See, God of War is a series that doesn’t succeed in the action department and is therefore heavily reliant on good story telling to be worth playing. The series already reinterprets the entire Greek mythological canon and changes many things in order to make the story entertaining, so why not Pandora’s Box? I legitimately expected the box to have something different inside, something that would completely change my view of God of War III and make me a believer in the cleverness of its writers. But no. Bad story and bad character development in general aside, God of War III even fails miserably at creating a proper plot twists of any kind. Anybody remember how cool the plot twist of the original God of War was like? I do. This plot device is the cherry on top of this (excuse the pun) God awful mess of a game.
That up there is what I think of you and your stupid box, God of War III!
You remember how everyone went on and on about how bad the story elements of Metroid: Other M were? Remember how I defended the game endlessly in another article and even pointed out that the story really wasn’t that offensive? Well, here is the thing: there is ONE part that IS horribly offensive from a writing standpoint. People like to complain about Samus’ portrayal as a weak character, the random plot holes like Adam not authorizing Samus to use her suit’s abilities to protect herself from extreme heat, etc. But nothing, and I do mean absolutely nothing, compares to Adam’s death scene.

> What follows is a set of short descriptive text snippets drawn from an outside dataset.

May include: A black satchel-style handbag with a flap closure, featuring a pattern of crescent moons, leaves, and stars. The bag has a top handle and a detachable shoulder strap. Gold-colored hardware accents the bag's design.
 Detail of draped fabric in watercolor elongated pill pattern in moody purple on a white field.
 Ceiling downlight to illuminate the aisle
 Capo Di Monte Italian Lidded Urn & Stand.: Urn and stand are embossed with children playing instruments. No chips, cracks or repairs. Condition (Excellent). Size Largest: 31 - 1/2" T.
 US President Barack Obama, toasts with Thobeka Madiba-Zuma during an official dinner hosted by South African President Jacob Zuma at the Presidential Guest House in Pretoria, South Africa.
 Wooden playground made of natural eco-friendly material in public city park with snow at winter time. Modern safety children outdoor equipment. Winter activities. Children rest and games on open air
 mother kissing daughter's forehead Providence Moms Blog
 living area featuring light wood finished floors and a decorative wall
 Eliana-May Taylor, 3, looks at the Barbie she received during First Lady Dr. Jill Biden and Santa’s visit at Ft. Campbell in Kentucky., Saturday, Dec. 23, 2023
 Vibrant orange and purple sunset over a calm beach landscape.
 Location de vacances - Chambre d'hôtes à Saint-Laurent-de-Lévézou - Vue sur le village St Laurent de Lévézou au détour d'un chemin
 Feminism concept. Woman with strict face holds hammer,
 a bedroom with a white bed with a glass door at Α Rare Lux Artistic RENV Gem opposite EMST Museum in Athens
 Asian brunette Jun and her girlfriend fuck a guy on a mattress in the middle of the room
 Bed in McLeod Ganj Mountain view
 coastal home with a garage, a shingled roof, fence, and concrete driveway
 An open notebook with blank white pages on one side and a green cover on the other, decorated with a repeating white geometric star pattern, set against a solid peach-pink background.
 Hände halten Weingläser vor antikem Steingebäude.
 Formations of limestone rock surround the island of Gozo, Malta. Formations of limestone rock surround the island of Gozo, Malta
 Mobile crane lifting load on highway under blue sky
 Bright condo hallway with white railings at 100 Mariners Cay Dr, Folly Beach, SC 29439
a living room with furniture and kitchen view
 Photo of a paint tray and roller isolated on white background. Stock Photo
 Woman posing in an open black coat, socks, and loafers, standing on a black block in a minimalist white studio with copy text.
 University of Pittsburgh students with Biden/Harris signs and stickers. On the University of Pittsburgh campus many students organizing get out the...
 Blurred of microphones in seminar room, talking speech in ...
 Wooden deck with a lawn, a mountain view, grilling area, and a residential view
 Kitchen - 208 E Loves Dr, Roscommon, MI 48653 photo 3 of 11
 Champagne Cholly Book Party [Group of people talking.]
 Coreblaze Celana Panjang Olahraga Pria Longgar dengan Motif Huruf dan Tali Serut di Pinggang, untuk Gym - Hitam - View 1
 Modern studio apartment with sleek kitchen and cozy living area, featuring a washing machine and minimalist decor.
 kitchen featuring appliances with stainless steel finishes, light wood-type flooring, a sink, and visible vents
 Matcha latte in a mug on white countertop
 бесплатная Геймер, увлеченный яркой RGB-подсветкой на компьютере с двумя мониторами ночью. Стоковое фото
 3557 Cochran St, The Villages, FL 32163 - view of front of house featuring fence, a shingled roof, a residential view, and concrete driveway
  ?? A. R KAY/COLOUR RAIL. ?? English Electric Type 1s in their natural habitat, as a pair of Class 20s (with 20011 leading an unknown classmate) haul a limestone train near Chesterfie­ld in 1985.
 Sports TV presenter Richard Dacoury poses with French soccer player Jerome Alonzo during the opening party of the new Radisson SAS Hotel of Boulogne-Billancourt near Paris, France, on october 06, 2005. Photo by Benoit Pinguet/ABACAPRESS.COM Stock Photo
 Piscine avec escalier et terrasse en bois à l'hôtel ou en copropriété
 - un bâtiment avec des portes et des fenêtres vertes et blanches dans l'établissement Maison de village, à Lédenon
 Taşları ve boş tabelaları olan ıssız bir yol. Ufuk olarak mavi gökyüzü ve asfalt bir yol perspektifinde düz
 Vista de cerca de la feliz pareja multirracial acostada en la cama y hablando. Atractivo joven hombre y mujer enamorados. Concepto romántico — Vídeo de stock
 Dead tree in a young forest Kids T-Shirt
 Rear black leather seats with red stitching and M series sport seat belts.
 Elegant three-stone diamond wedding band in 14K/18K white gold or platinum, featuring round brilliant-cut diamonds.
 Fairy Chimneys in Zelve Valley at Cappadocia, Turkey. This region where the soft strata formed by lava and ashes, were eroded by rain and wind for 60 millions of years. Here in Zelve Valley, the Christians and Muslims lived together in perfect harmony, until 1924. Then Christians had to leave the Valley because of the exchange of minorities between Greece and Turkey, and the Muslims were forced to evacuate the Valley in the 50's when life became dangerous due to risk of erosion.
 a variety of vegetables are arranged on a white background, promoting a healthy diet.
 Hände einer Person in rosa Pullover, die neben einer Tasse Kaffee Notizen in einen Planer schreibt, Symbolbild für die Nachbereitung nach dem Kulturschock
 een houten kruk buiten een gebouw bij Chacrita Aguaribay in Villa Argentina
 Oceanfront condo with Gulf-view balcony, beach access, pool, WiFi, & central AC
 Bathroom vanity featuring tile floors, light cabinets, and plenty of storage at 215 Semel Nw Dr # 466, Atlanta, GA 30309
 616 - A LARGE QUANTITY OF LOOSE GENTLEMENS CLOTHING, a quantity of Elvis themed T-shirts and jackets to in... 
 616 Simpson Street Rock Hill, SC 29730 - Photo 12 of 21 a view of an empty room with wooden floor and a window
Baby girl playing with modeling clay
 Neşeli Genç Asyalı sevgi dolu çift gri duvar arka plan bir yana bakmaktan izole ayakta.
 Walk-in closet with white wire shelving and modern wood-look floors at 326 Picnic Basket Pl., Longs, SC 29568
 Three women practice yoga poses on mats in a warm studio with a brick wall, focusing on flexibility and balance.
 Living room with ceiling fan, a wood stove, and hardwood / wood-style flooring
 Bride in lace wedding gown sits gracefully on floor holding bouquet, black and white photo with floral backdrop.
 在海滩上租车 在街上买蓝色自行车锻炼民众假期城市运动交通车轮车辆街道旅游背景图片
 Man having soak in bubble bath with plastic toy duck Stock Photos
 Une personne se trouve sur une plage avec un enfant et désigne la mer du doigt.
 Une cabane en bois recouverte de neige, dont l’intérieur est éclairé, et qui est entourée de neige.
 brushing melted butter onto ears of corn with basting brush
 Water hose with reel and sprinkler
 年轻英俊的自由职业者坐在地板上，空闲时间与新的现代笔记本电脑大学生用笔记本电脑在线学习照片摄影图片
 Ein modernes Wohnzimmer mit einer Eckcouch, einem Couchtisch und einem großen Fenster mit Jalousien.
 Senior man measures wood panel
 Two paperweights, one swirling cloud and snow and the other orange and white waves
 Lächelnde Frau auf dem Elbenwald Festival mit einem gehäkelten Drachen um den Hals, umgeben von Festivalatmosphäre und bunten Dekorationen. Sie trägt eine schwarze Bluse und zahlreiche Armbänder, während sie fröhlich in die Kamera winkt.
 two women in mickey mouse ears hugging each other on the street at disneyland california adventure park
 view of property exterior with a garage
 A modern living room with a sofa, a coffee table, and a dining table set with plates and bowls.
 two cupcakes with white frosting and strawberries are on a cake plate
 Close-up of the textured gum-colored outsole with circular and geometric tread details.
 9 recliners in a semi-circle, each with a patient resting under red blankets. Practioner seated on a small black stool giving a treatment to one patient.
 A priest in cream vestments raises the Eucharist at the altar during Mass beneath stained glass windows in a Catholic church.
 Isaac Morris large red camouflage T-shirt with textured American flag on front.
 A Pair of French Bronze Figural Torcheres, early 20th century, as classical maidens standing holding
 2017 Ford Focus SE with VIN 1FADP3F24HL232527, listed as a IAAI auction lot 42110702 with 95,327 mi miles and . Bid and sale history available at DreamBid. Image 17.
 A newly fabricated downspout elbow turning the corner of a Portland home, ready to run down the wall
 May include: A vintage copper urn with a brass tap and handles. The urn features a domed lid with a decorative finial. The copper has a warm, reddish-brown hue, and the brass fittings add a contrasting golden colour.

So here is this character that Samus admires and sees as a father figure she never had. There is a whole lot of back story about their relationship and how much Samus appreciates him. Apparently, this character by the name of Adam taught Samus a lot of things, which is great if you want to know how to needlessly kill yourself while trying to save the universe. In the climatic scene where Samus loses the last thing left to her in the form of human support and care we see Adam make a great sacrifice to keep the rest of existence from being consumed by Metroids. Except that he didn’t actually have to do it at all. If anyone has paid attention to that scene they would know that Adam clearly states that in order to destroy the Metroids in Sector Zero he simply needs to cause that area of the Bottle Ship enough damage for it to detach itself from the rest of the other sectors and explode. Rather than doing the logical thing and tossing all kinds of grenades into this deadly area of the ship Adam decides that the greatest course of action is to lock himself inside of it…with a gun…possibly to open tiny air holes in the ship’s reinforced metal walls and pray for the best outcome.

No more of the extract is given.